Concord School was a school for African-American children built in 1897 in the hamlet of Miccosukee, in eastern Leon County, Florida.

==History==
The earliest mention of Concord School was in the minutes of a school board meeting from 1878. It was mentioned that the teacher's salary was $20.00 per month. Schooling most likely began in the Miccosukee A.M.E. Church.

In 1893, two Miccosukee women, Fayette and Jennie Burned sold a half-acre of their land for $1.00 with the stipulation that a school house be constructed there. The first teachers on record were Lucien Fisher (1893—1894), A.B. Spencer (1895—1897). By 1912, Concord School had grown to be one of the five largest African-American rural schools in Leon County and was granted an assistant teacher.

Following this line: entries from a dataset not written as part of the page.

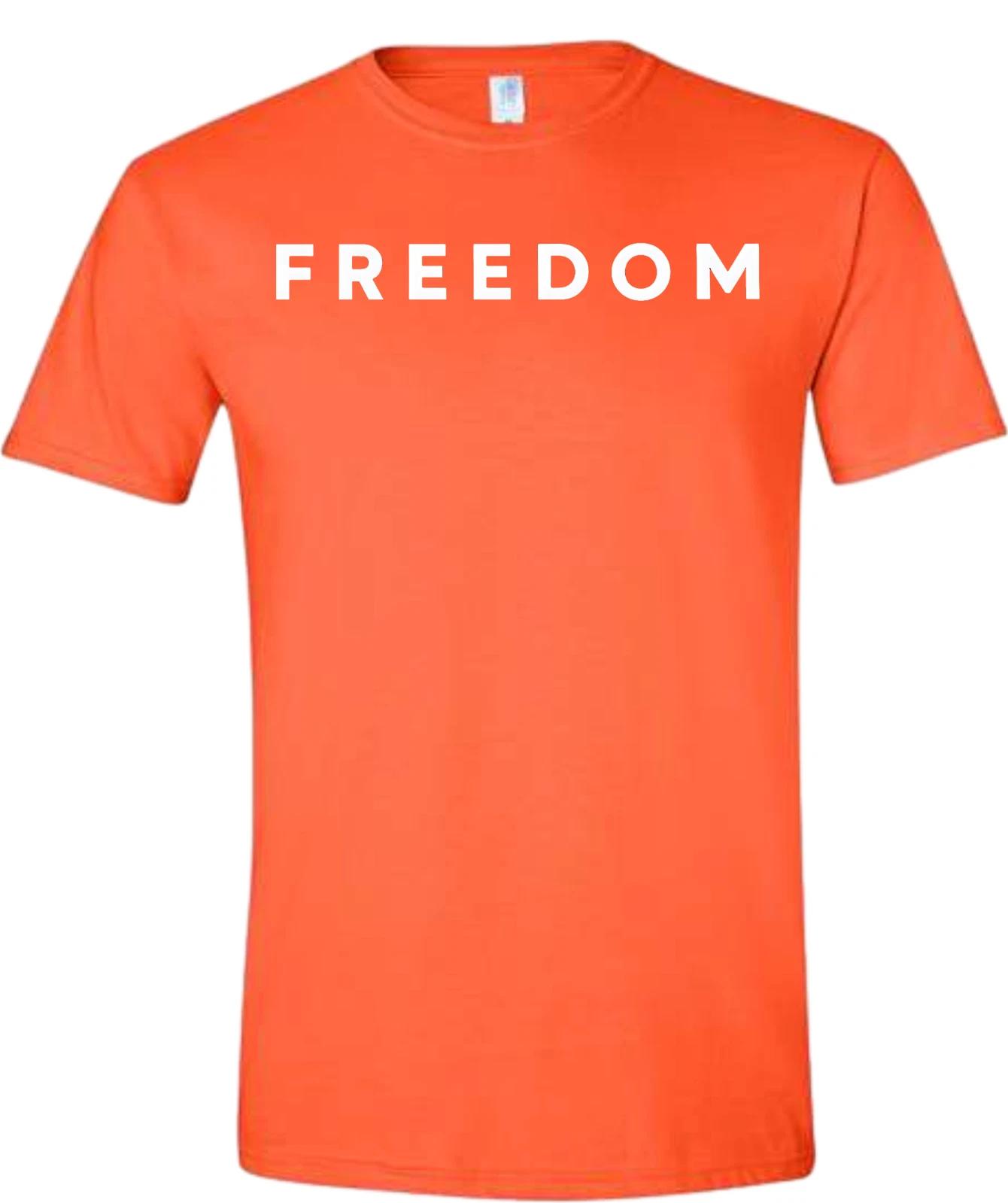 Charlie Kirk Freedom Solid Orange Shirt With White Lettering Short Sleeve Shirt XL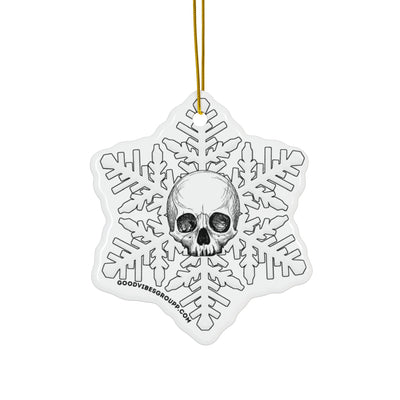 Double White Goth Skull Snowflake Christmas Ornament 1pc, 3pcs, 5pcs, or 10pcs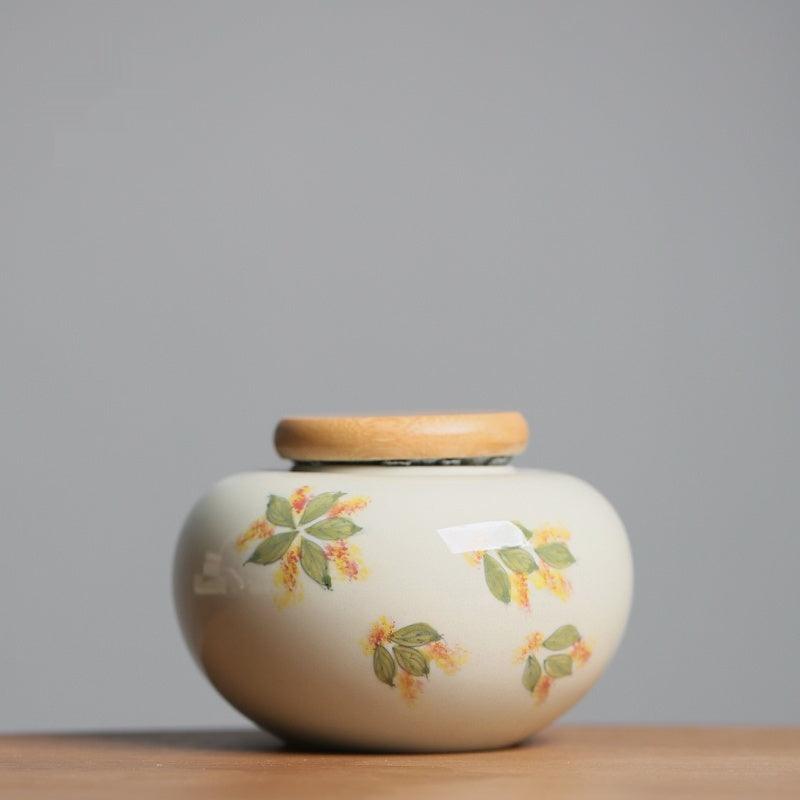 Hand Drawn Tea Jar Household Storage Tank Porcelain Sealed Portable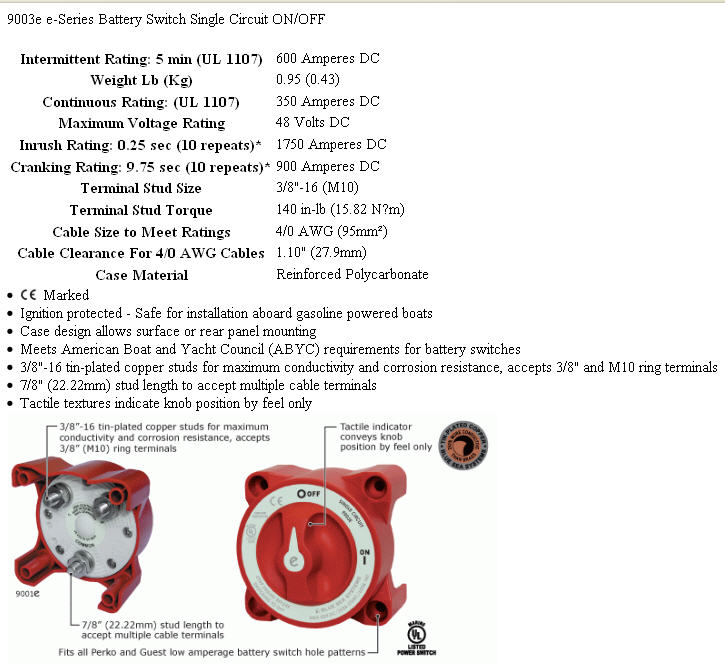 Battery Switch, OnOff 9003E Blue Sea System Switches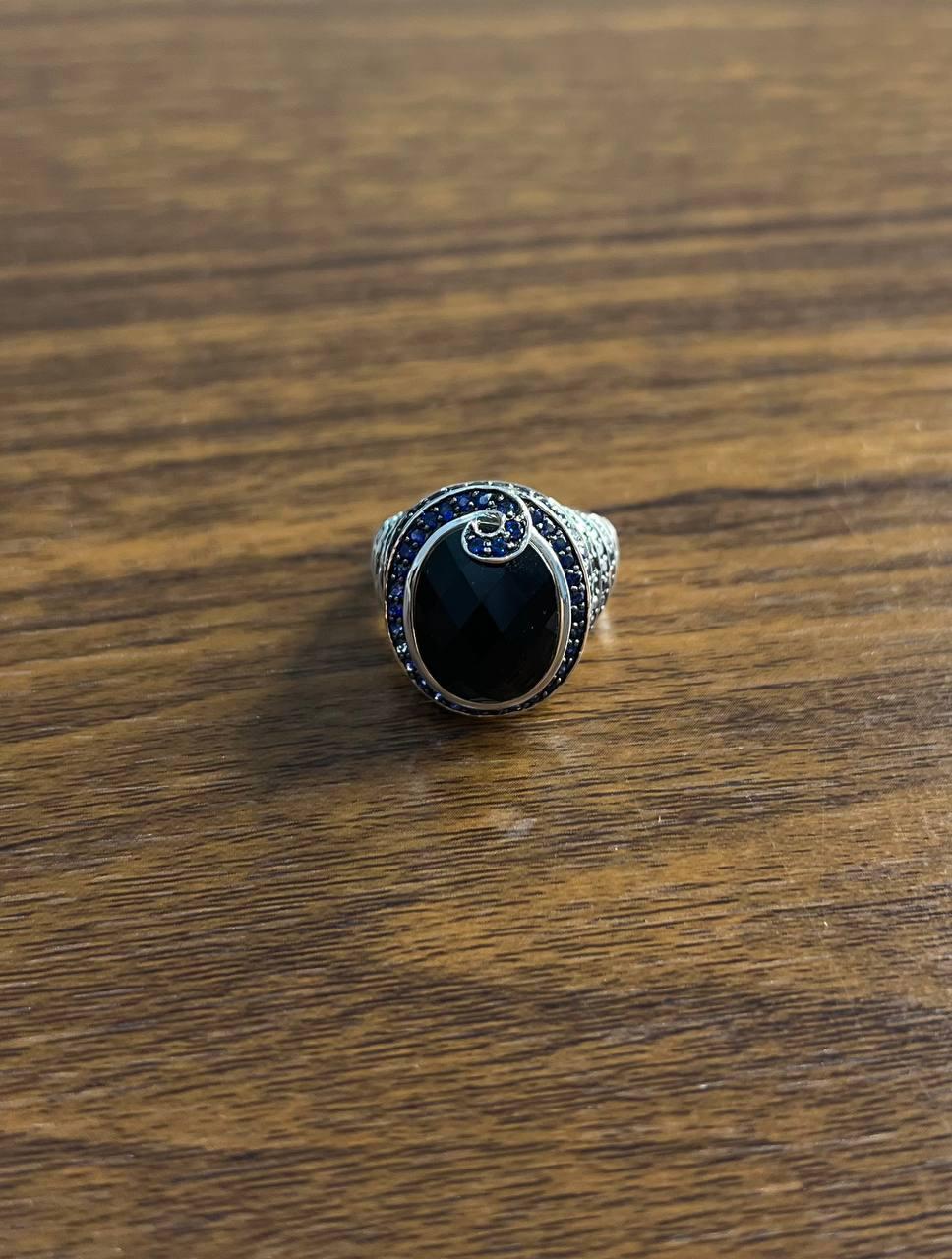 Black Onyx Blue Sapphire Halo Channel Set Swirl 14K White Gold Statement Ring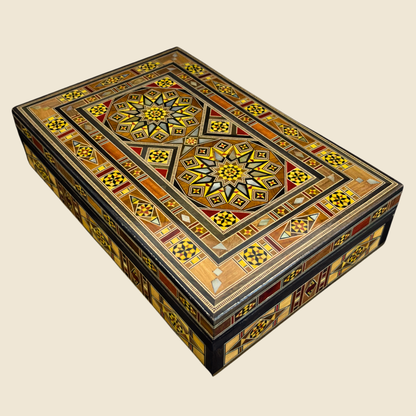 Caja de Mosaico Artesanal de Damasco – Arte Tradicional y Terciopelo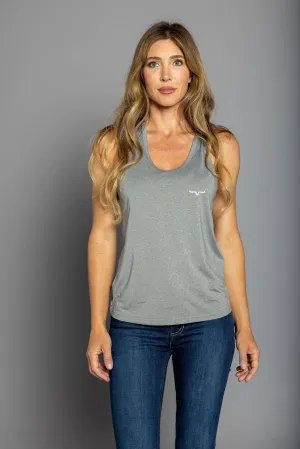 Kimes Ranch Ladies Tech Tank Top Grey Heather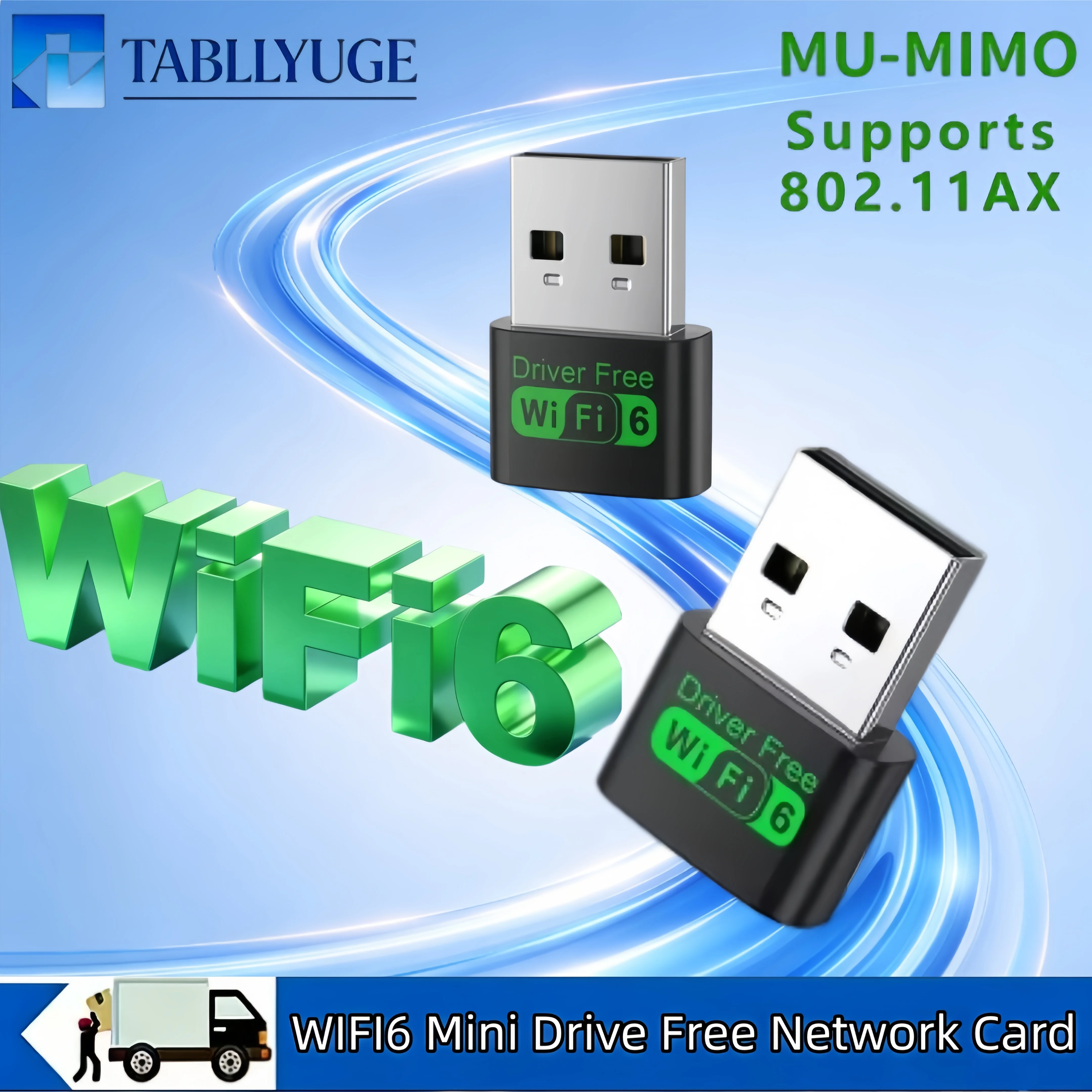 WiFi6 USB Wireless Adapter 2.4G Band WiFi Receiver Driver Free 802.11ax MU-MIMO OFDMA Adapter Suitable for Desktop and Laptop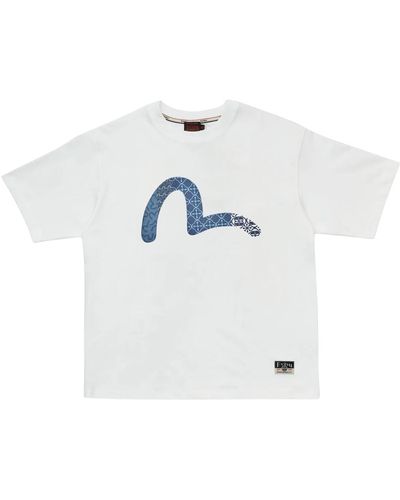 Evisu T-shirt mit möwenprint und pins - Weiß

In the 1930s the school was enlarged and during 1968 was combined with the brick Miccosukee School with the name remaining Concord. The old one-room Concord schoolhouse was donated to the Tallahassee Junior Museum and later moved in 1974. The brick school was closed in 1985.

==Construction==
The building is rectangular, vernacular wood framed architecture with one entrance and typical for a rural school in the South. It was unpainted and had neither electricity nor a well. It had two outhouses. The building was heated with a wood stove and lighting was provided by sunlight through the 6 long windows.